§ **WHAT THE TASK REQUIRES**
Exactly reproduce the lines from the top of the entries below through the line containing "1516 South 10", with both ends included.

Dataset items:
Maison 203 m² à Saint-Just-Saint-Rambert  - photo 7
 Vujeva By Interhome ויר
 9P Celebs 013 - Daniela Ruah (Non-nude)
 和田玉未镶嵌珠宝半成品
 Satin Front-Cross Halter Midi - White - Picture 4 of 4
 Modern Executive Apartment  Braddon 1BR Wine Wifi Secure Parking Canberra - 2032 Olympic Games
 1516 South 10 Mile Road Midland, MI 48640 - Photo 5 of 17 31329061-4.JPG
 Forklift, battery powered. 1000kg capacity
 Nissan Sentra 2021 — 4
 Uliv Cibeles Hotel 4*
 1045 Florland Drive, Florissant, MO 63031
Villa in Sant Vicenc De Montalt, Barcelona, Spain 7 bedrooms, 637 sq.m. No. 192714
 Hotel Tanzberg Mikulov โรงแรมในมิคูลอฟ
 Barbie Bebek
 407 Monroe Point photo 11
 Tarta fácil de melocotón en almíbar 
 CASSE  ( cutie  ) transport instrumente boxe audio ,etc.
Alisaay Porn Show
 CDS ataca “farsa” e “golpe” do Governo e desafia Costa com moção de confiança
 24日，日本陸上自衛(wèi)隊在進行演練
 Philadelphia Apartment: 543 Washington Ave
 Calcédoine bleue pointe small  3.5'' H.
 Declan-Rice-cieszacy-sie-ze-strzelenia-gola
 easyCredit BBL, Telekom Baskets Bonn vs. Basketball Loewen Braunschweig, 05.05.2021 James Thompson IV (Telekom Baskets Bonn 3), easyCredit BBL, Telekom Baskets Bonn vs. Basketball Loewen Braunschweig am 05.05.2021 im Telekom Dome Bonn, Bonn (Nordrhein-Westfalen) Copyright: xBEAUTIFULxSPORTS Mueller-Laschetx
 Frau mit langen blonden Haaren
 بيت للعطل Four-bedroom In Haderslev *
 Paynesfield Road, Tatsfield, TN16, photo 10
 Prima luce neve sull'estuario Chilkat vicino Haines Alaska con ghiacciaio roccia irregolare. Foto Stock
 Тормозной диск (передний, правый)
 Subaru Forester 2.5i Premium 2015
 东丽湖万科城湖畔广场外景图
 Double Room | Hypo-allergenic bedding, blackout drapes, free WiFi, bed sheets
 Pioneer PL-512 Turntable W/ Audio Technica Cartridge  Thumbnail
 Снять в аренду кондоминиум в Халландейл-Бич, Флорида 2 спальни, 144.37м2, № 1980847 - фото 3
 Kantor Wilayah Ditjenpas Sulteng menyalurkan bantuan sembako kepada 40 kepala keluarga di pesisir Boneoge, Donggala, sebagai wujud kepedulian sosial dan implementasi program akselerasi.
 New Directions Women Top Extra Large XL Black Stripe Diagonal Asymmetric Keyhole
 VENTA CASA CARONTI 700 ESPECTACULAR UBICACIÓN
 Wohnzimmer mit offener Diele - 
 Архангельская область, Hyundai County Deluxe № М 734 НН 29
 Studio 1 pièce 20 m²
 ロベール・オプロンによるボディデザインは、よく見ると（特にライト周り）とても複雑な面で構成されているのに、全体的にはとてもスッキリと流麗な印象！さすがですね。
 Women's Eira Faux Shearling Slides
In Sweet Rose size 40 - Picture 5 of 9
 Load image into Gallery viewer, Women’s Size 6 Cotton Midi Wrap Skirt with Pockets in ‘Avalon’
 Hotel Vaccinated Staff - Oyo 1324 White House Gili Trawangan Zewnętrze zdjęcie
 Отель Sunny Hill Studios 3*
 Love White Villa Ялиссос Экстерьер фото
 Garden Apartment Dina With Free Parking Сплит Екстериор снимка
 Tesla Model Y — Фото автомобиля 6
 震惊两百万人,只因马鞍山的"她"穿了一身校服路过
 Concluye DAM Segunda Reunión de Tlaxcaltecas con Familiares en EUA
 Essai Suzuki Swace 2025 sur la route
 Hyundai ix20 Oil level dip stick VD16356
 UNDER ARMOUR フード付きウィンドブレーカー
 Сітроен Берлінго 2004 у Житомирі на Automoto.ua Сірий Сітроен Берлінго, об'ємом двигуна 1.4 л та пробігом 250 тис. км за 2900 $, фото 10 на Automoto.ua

§ **SOLVED PROBLEM**
Maison 203 m² à Saint-Just-Saint-Rambert  - photo 7
 Vujeva By Interhome ויר
 9P Celebs 013 - Daniela Ruah (Non-nude)
 和田玉未镶嵌珠宝半成品
 Satin Front-Cross Halter Midi - White - Picture 4 of 4
 Modern Executive Apartment  Braddon 1BR Wine Wifi Secure Parking Canberra - 2032 Olympic Games
 1516 South 10 Mile Road Midland, MI 48640 - Photo 5 of 17 31329061-4.JPG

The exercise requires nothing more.